[[ Data segment, beginning ]]

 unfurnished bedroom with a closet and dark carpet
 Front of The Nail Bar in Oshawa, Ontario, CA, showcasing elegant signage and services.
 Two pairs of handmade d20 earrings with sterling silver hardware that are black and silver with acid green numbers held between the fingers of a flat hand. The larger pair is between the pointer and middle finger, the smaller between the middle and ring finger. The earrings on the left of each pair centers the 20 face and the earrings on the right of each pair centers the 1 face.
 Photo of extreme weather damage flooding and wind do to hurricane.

[[ Data segment, end ]]

### Work task
Which of the lines above contain "with"? Return them all.

### Written solution
 unfurnished bedroom with a closet and dark carpet
 Two pairs of handmade d20 earrings with sterling silver hardware that are black and silver with acid green numbers held between the fingers of a flat hand. The larger pair is between the pointer and middle finger, the smaller between the middle and ring finger. The earrings on the left of each pair centers the 20 face and the earrings on the right of each pair centers the 1 face.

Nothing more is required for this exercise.